Scientists have described a massive "magma hammer" they say slammed the underside of the Tonga volcano which erupted so spectacularly in January.

An analysis of seismic waves has revealed four individual events that are interpreted to be thrusts of molten rock beneath the underwater mountain.

Occurring within a five-minute period, each of these blows is calculated to have had a force of a billion tonnes.

It's a further revelation about the behaviour of Hunga-Tonga Hunga-Ha'apai.

The seamount produced the biggest atmospheric explosion ever recorded by modern instrumentation - far bigger even than any nuclear bomb test conducted after WWII.

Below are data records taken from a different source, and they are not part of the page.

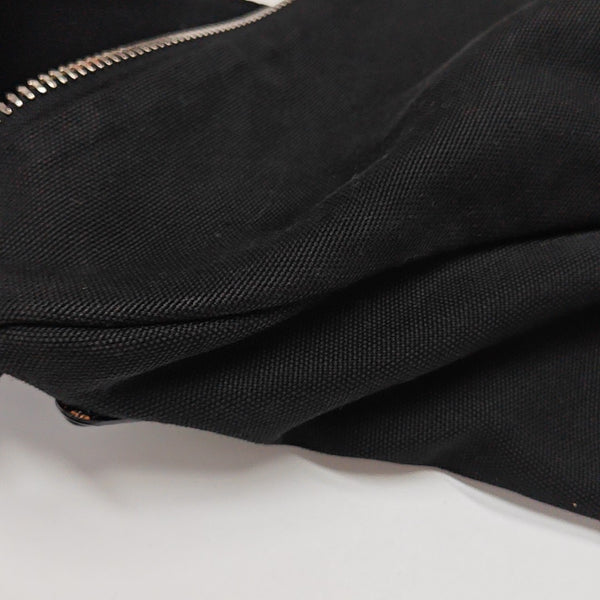 Authenticated pre-owned Triangle Canvas Black - Shoulder Bag at Looply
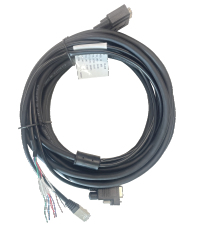 HIKROBOT 海康机器人 MV-IDAPE-DB15M-DB9FRJ45OPEN-ST-10m  读码器配件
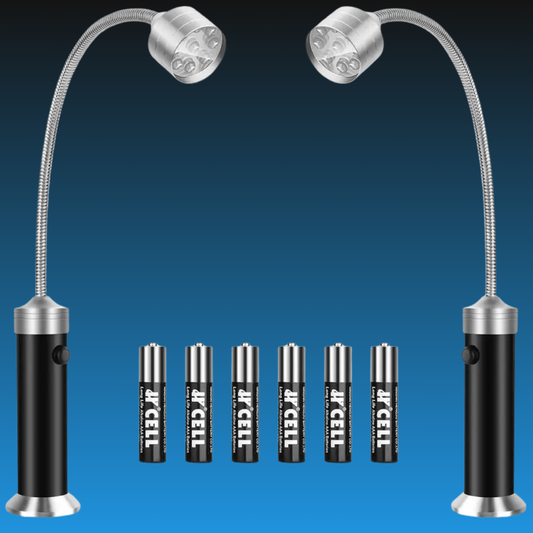 Magnetic BBQ Grill Lights (2 Pack)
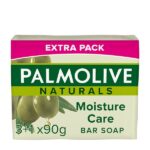 Palmolive Naturals Olive Soap Bars 90gr (3+1)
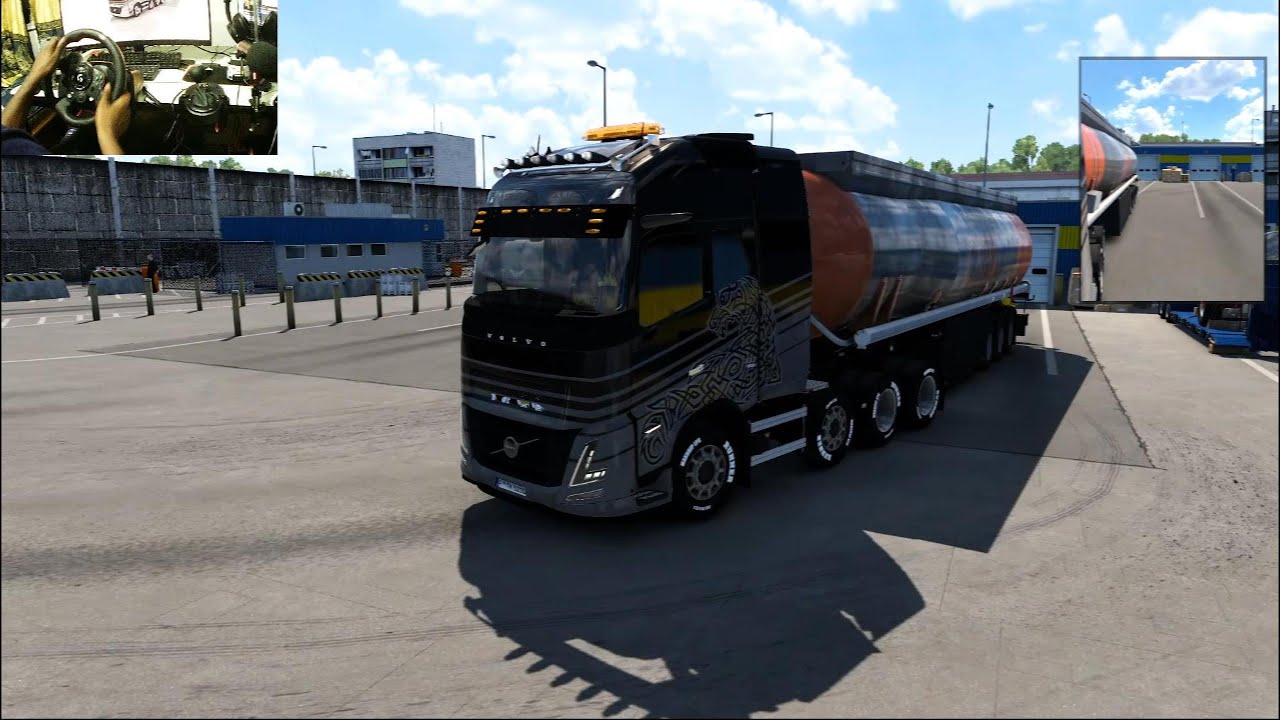 Volvo FH16 Euro Truck Simulator 2 | Realistic Trucking Experience 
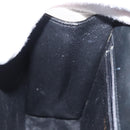 CHANEL Matelasse Chain Shoulder Bag Enamel Black Gold CC Auth bs31115-19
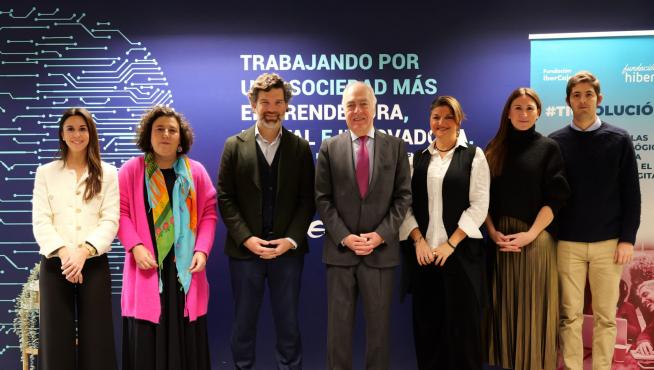 Fundación Hiberus y Fundación Ibercaja se comprometen un año más con la consecución de un Aragón más digital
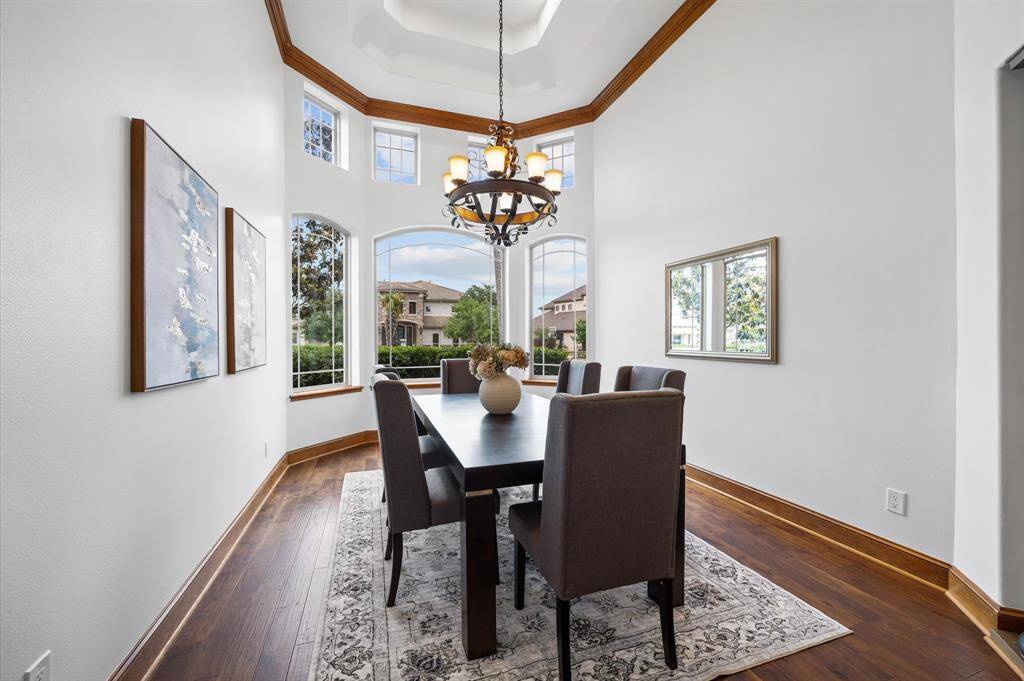 Double height Dining Room
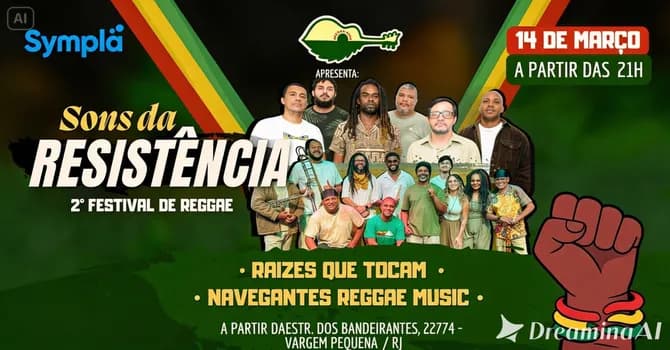 Imagem do 2° FESTIVAL DE REGGAE - NECTAR SOM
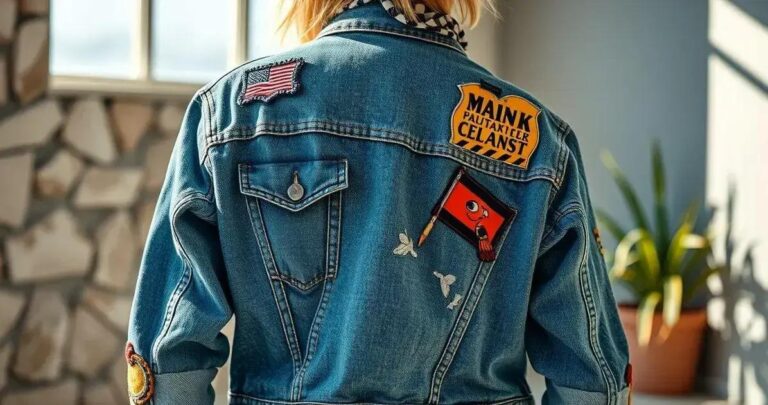 como customizar jaqueta jeans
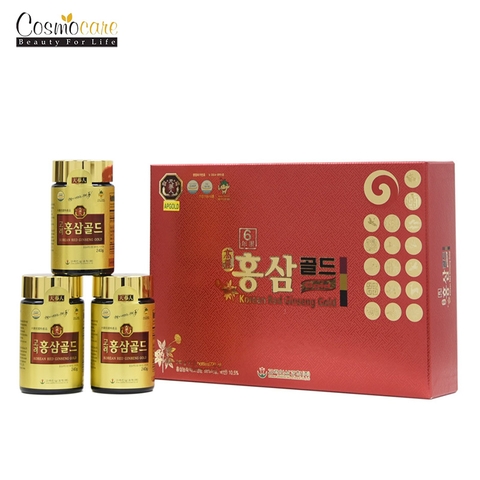 Cao hồng sâm Bio-science 3 lọ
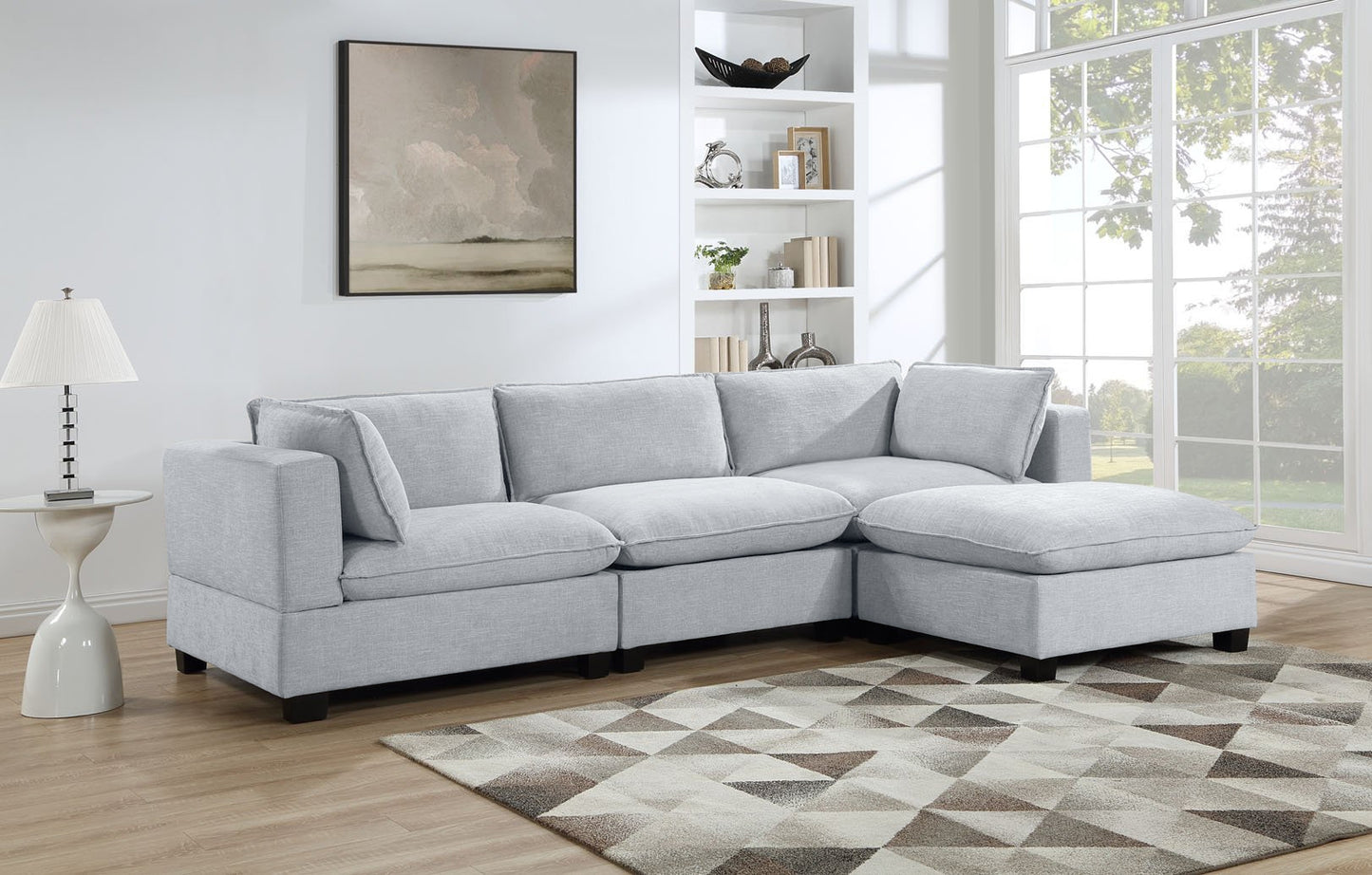 GRAY SKY SECTIONAL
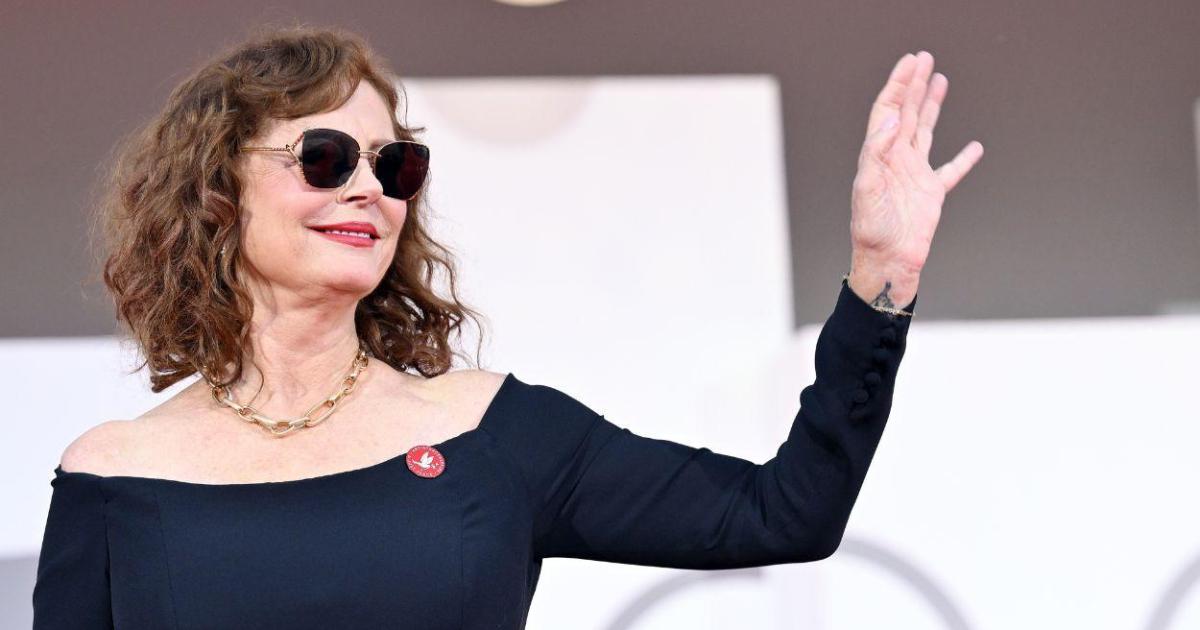 Susan Sarandon, detenida en Nueva York durante una protesta a favor de Palestina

It displaced some 10 cubic km of rock, ash and sediment, much of it exiting through the volcano's mouth, or caldera, to shoot straight up into the sky, like a "shotgun blast" as one geologist called it.

Scientists have gathered here in Chicago at the American Geophysical Union (AGU) Fall Meeting to compare the latest results of their investigations into what happened.

Dr Yingcai Zheng, from the University of Houston, detailed his team's analysis of the Magnitude 5.8 seismic waves generated just over 10 minutes into the climactic eruption on 15 January.

These signals were picked up at more than 400 monitoring stations around the globe.

Dr Zheng attributes them to a pulse of magma moving up from below the mountain and hitting the base of the caldera.

"I think it could be like a new batch of magma suddenly just reaching into the magma chamber and over-pressurising the chamber," he said. "The pulse of the magma is travelling up at high speed and it's like a train hitting the base of the wall. It hammered four times within 300 seconds," he told BBC News.